Escucha esto, oh sacerdotes; presta atención, oh Israel, y a ti, familia del rey; porque para ustedes es él juicio; has sido un engaño en Mizpa y una red extendida en Tabor. 
Se han adentrado en los malos caminos de los rebeldes, pero yo soy el juez de todos. 
Tengo conocimiento de Efraín, e Israel no es secreto para mí; porque ahora, Efraín, te has prostituido, Israel se ha vuelto inmundo. 
Sus obras no les permitirán volver a su Dios, porque un espíritu de prostitución está en ellos y no tienen conocimiento del Señor. 
Y el orgullo de Israel testifica contra él; Israel y Efraín caerán por sus pecados, y la caída de Judá será la misma que la de ellos. 
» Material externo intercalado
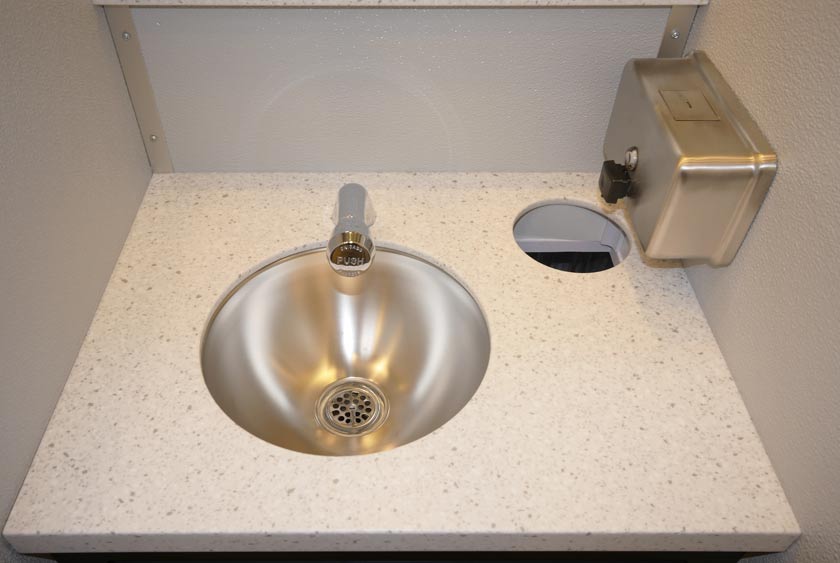 STAINLESS STEEL SINKS THROUGHOUT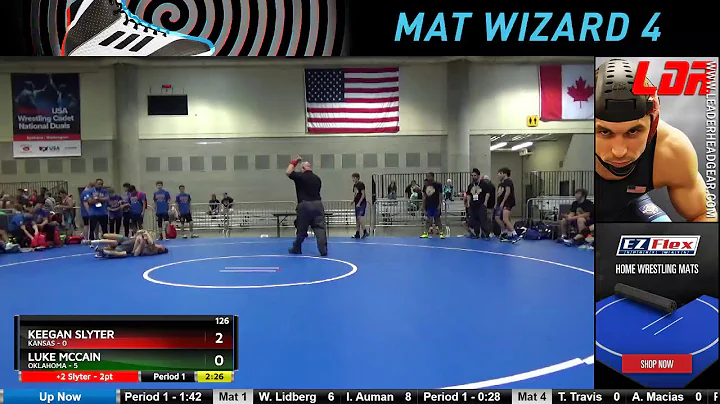 Mat 3 126 Keegan Slyter Kansas Vs Luke McCain Okla...
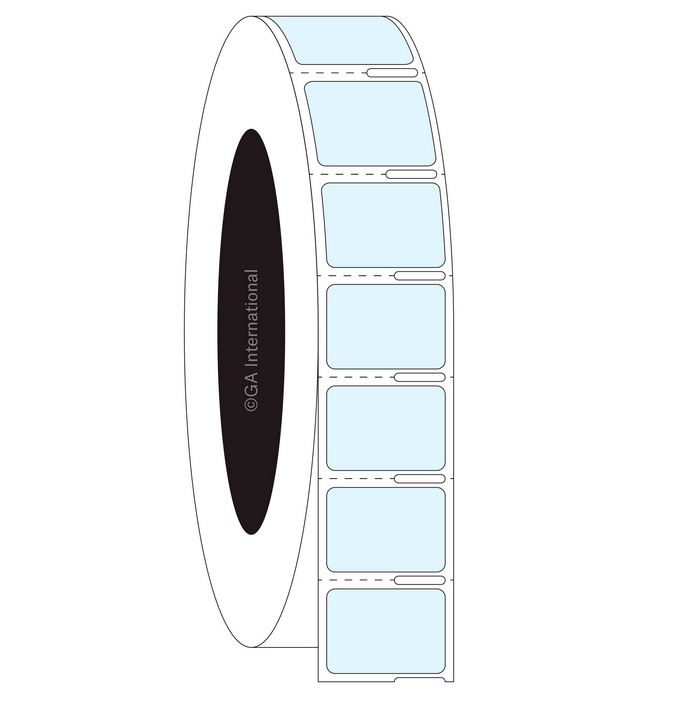 Transparent Xylene &amp; Chemical-Resistant Labels for Microscope Slides – 0.875″ x 0.625″ #XLY-233NOT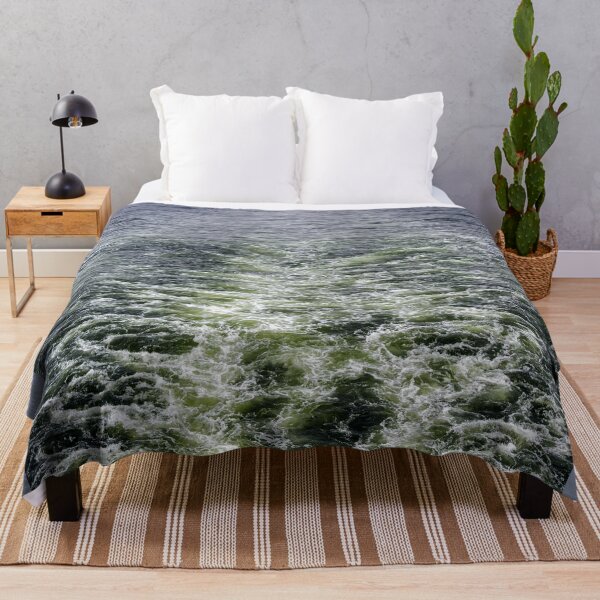 Item preview, The texture of the seething green Baltic sea designed and sold by lena-maximova.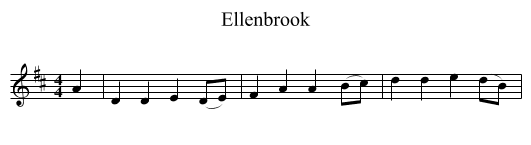 Ellenbrook - staff notation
Ellos irán, con sus rebaños y sus ganados, en busca del Señor, pero no lo verán; Él se ha alejado de su vista. 
Han obrado perversamente contra el Señor; han dado a luz a niños extranjeros; ahora la luna nueva los devorará un mes con su porción. 
Que suene el cuerno en Guibea y en Ramá; da un fuerte clamor en Bet-aven: Te persiguen, oh Benjamín. 
Efraín se convertirá en un desperdicio en el día del castigo; He dado conocimiento entre las tribus de Israel de lo que va a pasar. 
Los gobernantes de Judá son como aquellos que quitan los linderos; Voy a desatar mi ira sobre ellos como agua corriente. 
Efraín está turbado; quebrantado por el juicio porque le gustaba caminar después del engaño. 
Y así, para Efraín, soy como polilla, y carcoma para los hijos de Judá. 
Cuando Efraín vio su enfermedad y Judá su herida, Efraín fue a Asiria y envió al gran rey; pero él no puede curarte o darte ayuda para tu herida. 
Porque yo seré para Efraín como león, y como cachorro para los hijos de Judá; Yo, incluso yo, le heriré y me iré; Lo llevaré lejos, y no habrá ayuda. 
Regresaré a mi casa hasta que reconozcan su culpa; Y en sus aflicciones, temprano me buscarán.